DiRAC Fellow Rebecca Phillipson has been awarded a Mathematical and Physical Sciences Ascending Postdoctoral Research Fellowship (MPS-Ascend) to conduct a program of research and education at the University of Washington. This new prize fellowship is intended to recognize beginning investigators of significant potential, and provide them with experience in research that will broaden participation in mathematics and the physical sciences.
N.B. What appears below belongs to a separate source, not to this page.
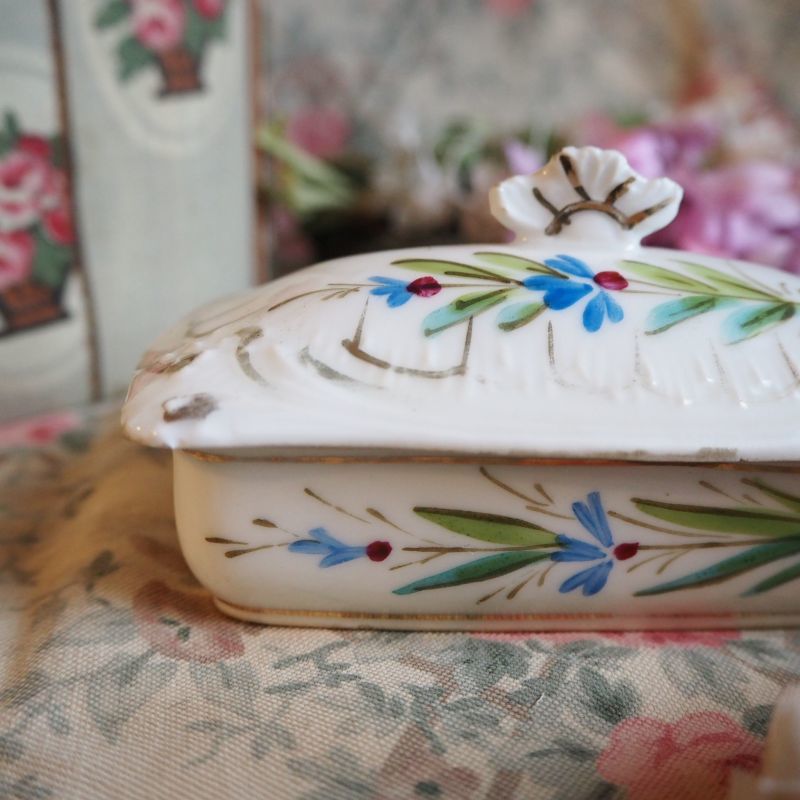手描きの花陶器の蓋付小物入れおままごと／ドール用 jouet・おもちゃ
Dr. Phillipson plans to employ statistical methods from nonlinear dynamics paired with deep learning techniques to characterize and classify the millions of X-ray Binaries (XRBs) and Active Galactic Nuclei (AGN) observed by the Zwicky Transient Facility. The resulting classification will enable discovery of previously unknown XRBs and AGN, potentially illuminate undersampled or undiscovered modes of variability from these sources, and prepare a path of discovery for future time domain missions. The research program will also operate as a vehicle for undergraduate students from underrepresented groups to engage in both data science and astrophysics research. She will partner with the UW eScience Institute to develop an accessible website for the dissemination of the scientific results from her research program. A key feature of her data access plan is enabling visually impaired scientists to interact with the data by using sounds to facilitate feature detection and analysis. This approach, called sonification, uses existing software tools to map scientific data to acoustic sequences.
“Dr. Phillipson’s research exemplifies our aims for the DiRAC Institute: she develops innovative timeseries analysis methods and applies them to large datasets to enable new discovery,” says Prof. James Davenport, Associate Director of DiRAC. “We’re thrilled that her excellent research and contributions to inclusion have been recognized with this fellowship, and look forward to continuing to collaborate.”